La struttura si trova a circa un miglio nautico a nord-est di Panarea, a una profondità compresa tra 60 e 80 metri. Il cratere ha dimensioni imponenti: circa 100 metri di lunghezza per 60 di larghezza. Accanto a questa formazione sono stati individuati anche nuovi camini di origine idrotermale, caratterizzati da emissioni di gas dal fondale marino.
Un nuovo tassello del complesso vulcanico di Panarea
"La scoperta di questa nuova area caratterizzata da un'intensa attività a nord-est dell'isola di Panarea suggerisce la necessità di riconsiderare l'estensione del sistema idrotermale sottomarino finora conosciuto", spiegano i ricercatori Ingv Antonino Torre, Agostino Semprebello e Alessandro Gattuso, coordinatore della ricerca e responsabile della sede operativa di Milazzo.
Secondo gli studiosi, il risultato impone una nuova valutazione della dinamica e dell’energia del sistema vulcanico di Panarea, oltre che dello stato di attività del complesso sottomarino e del suo possibile impatto sull’ecosistema marino circostante.

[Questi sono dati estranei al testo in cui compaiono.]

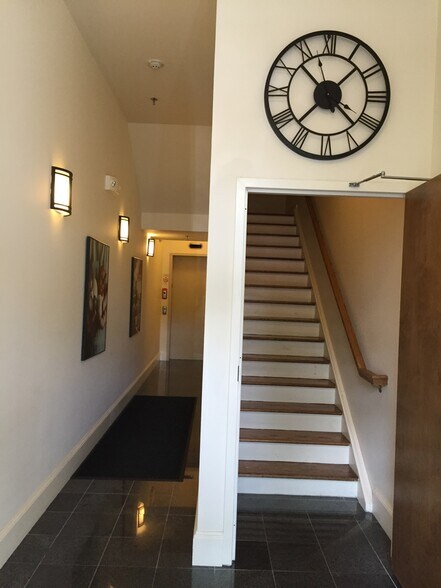 More Photos Of 25 Union Pl, Summit Office For Lease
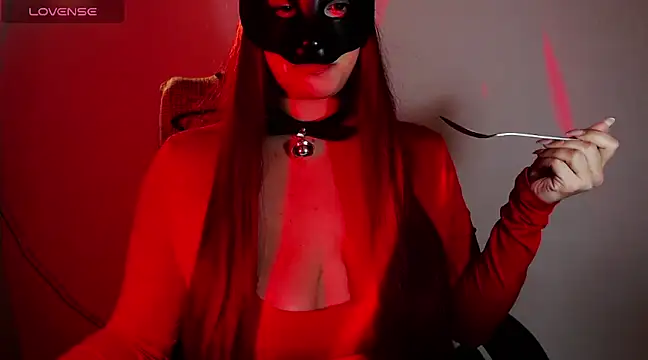 Snapshot of Hannah_Kiim chatting on 03-16-25, 04:30 Hannah Kiim online show from 03-16-25, 04:30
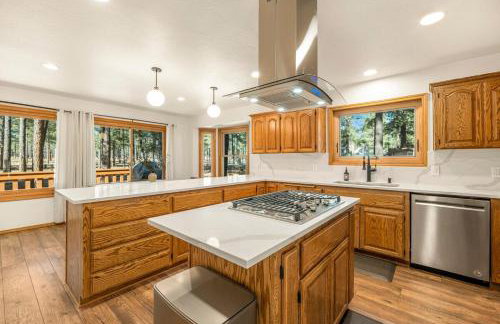 Pinewood Lodge - Backs to Forest - Near Downtown! - Foto 3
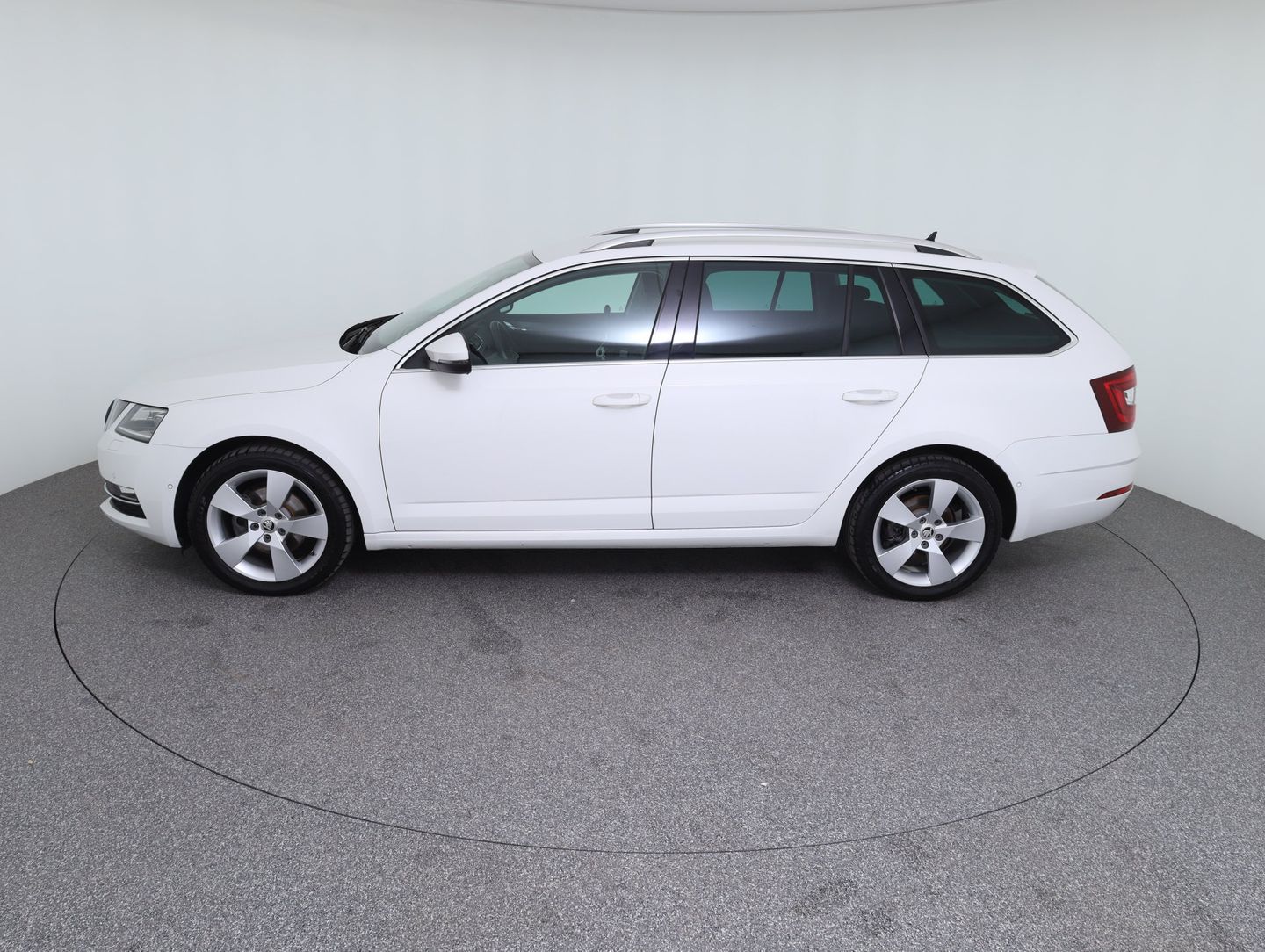 Škoda OCTAVIA Combi 4x4 Style Limited TDI DSG | Bild 8 von 14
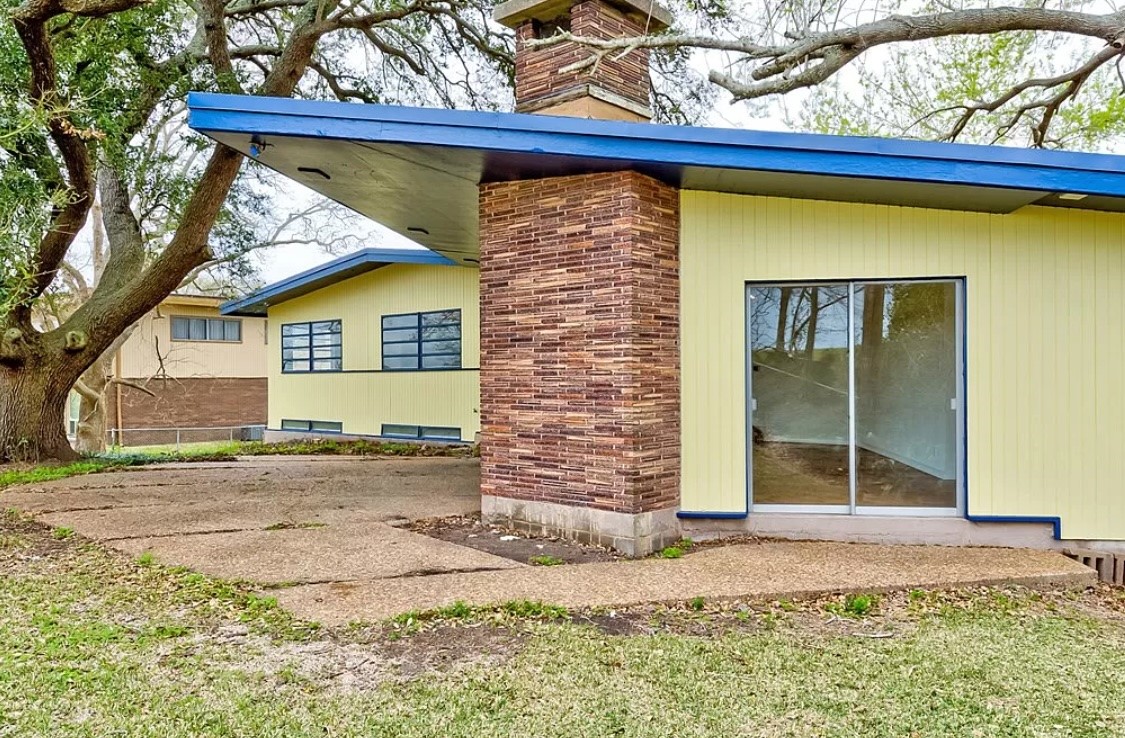 4600 Lakeshore Drive Property Photo 32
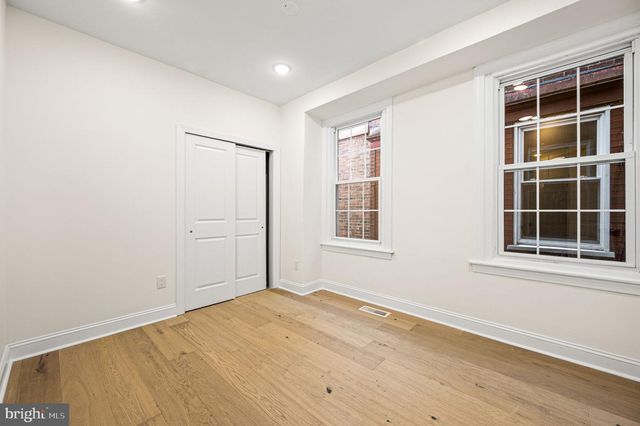 5209 CHESTER AVE, Philadelphia, PA 19143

La scoperta potrebbe quindi contribuire ad aggiornare gli scenari di pericolosità vulcanica e migliorare le attività di monitoraggio nell’area delle Eolie, uno dei territori italiani più studiati per la presenza di vulcani attivi e sistemi geotermali.
Il robot subacqueo conferma l’attività del cratere
Per verificare direttamente le strutture individuate e valutarne il livello di attività, nel luglio 2026 è stata effettuata un’indagine con un Rov (Remotely operated underwater vehicle), un robot subacqueo filoguidato dalla superficie, messo a disposizione dall’Università di Padova e pilotato da Marco Munari della Stazione zoologica Anton Dohrn.

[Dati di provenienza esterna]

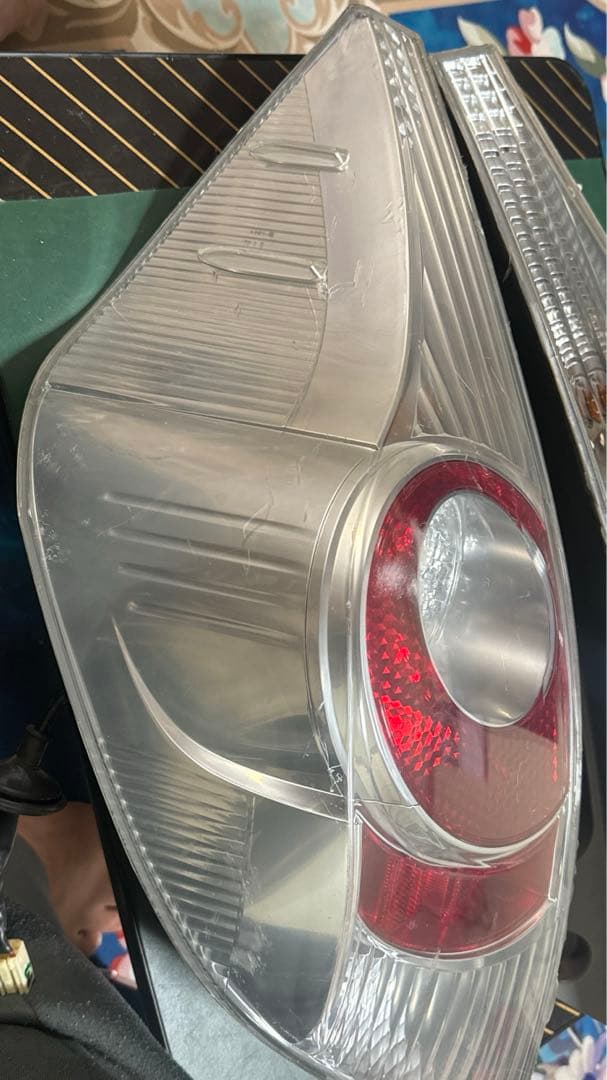 TOYOTAアクアNHP10前期テールランプ純正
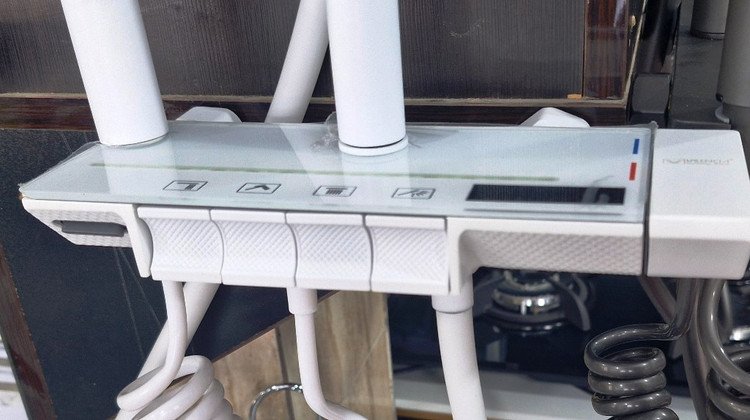 نمای نزدیک طراحی پیانویی و کلاسیک دسته دوش والنسیا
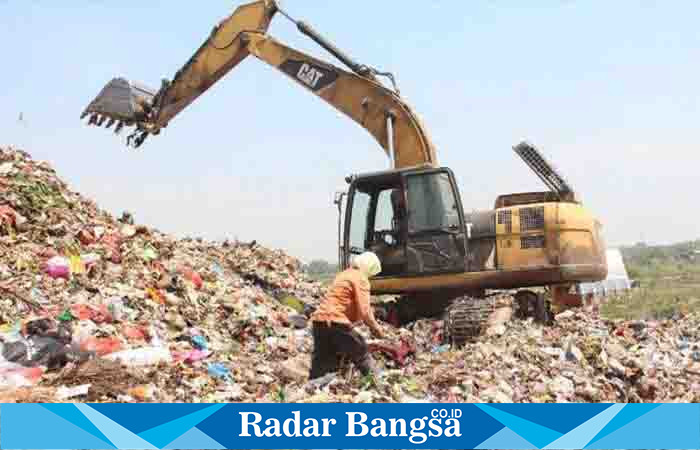 Sampah di jabon volumenya turun 60 Ton Tiap Hari , Selasa(1/8)  di Jabon (Foto : Rino Tutuko )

Le immagini e i filmati raccolti hanno confermato la presenza di un’intensa attività di degassamento all’interno del cratere. Le emissioni sono state osservate sia lungo le pareti della struttura sia nella parte più profonda del fondale.
Nell’area dei nuovi camini sono state inoltre rilevate attività idrotermali recenti e un elevato flusso di gas proveniente dal sottosuolo marino.

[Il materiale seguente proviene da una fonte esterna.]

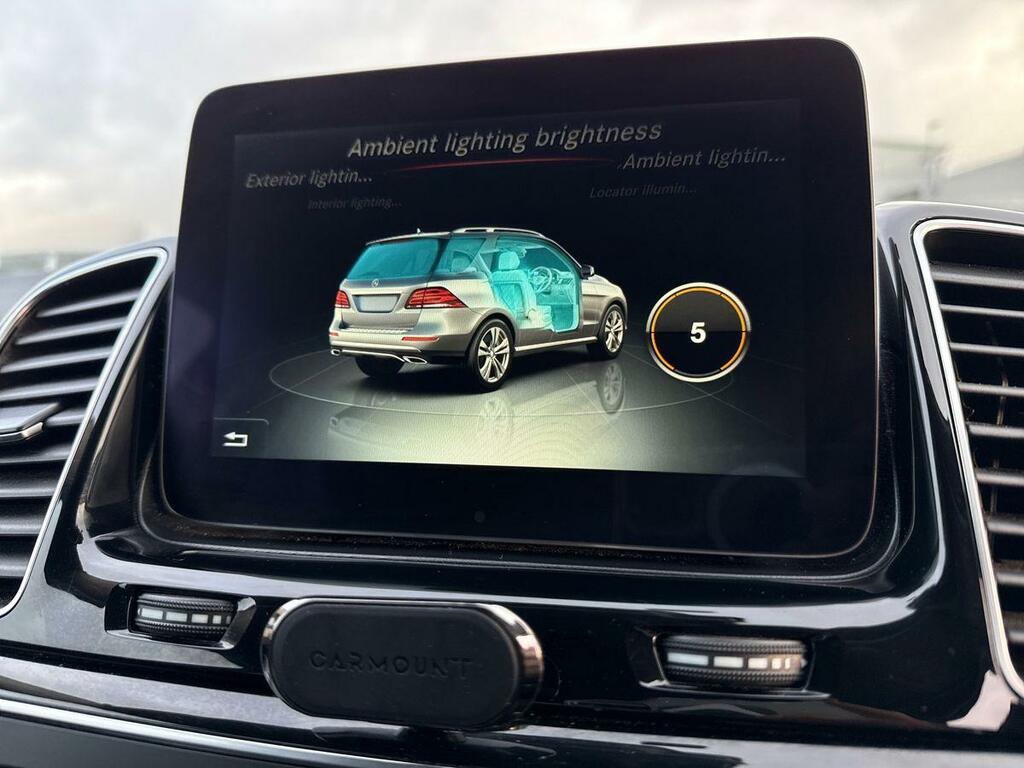Mercedes-Benz GLE Class 2.1 Gle 250 D White #44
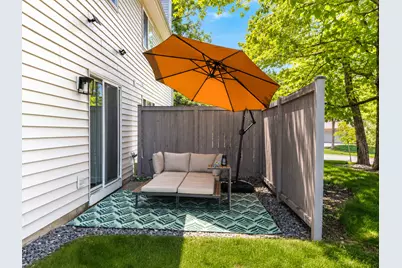 900 Ashley Court, Westmont, IL 60559 - Photo 27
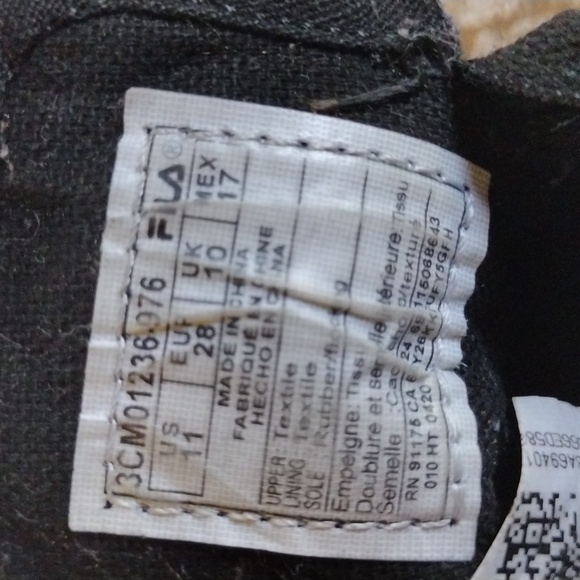 4@30.00 or 20.00 Boys Shoes by FILLA - Picture 2 of 10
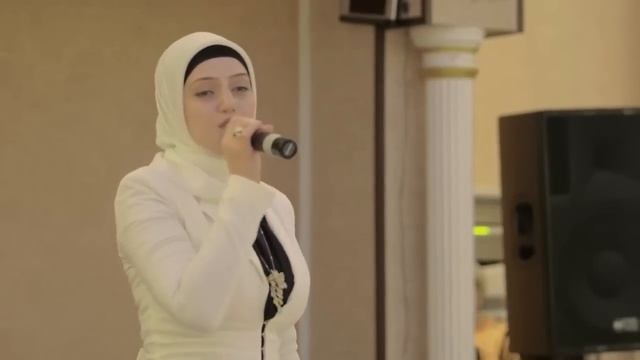 Красиво поет  Макка Сагаипова Чеченская певица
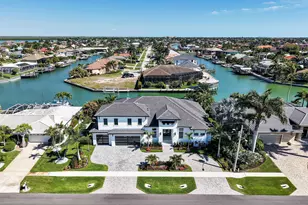 1749 Wavecrest Ct, Marco Island, FL 34145 - Photo 2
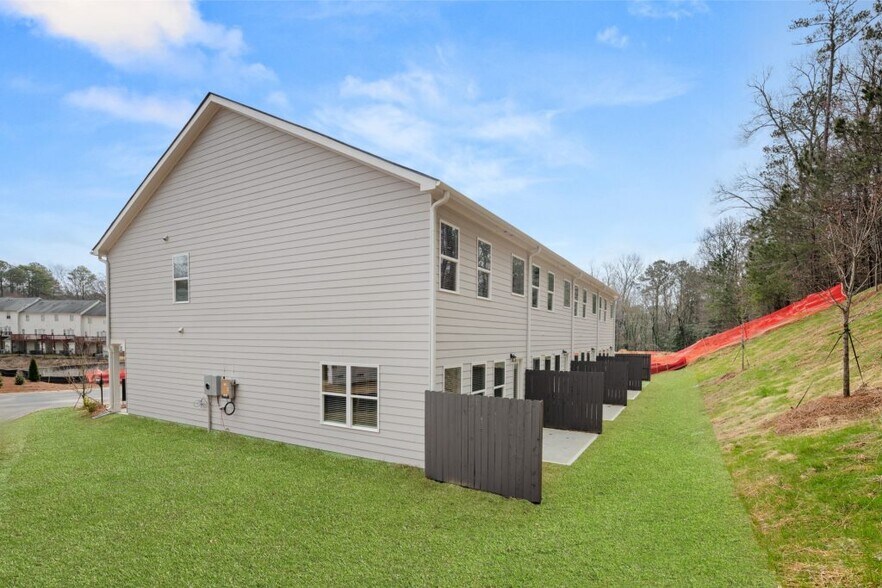 Building Photo - 4270 Notting Hill Dr SW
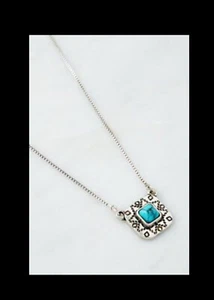 URBAN OUTFITTERS NECKLACE Silver Blue Stone Square STOCKING FILLER ❤️ BNWT - Picture 1 of 7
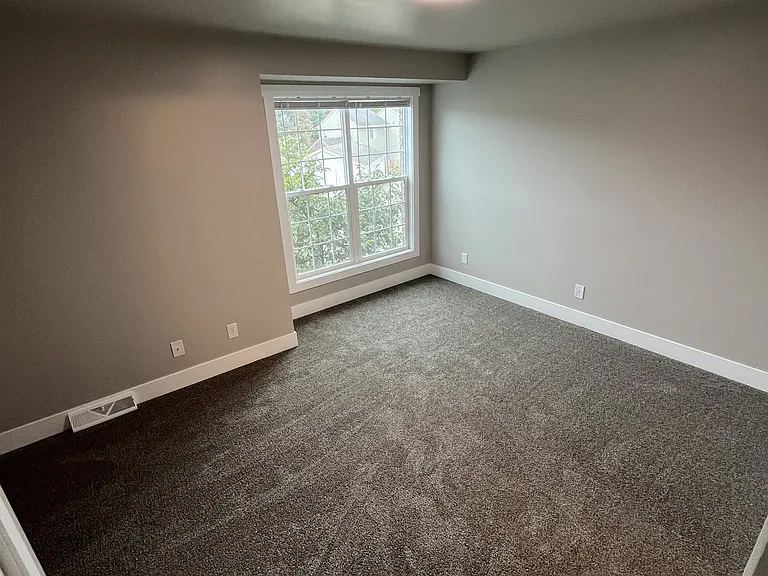 8002 Green Meadow Ct — Photo 7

Strutture simili a quelle di "Smoking Land"
Le nuove formazioni presentano caratteristiche morfologiche simili ai camini idrotermali già individuati nell’area conosciuta come "Smoking Land", scoperta nel 2015 poco a sud dell’isolotto di Basiluzzo.
Queste strutture sono il risultato della risalita di fluidi caldi e gas provenienti dal sistema vulcanico sottomarino, un fenomeno che rende i fondali di Panarea un laboratorio naturale per lo studio dei processi geologici e biologici legati all’attività vulcanica.
La nuova scoperta conferma dunque che il vulcano di Panarea nasconde ancora molte aree inesplorate e che il monitoraggio dei fondali resta fondamentale per comprendere l’evoluzione di uno dei sistemi vulcanici più complessi del Mediterraneo.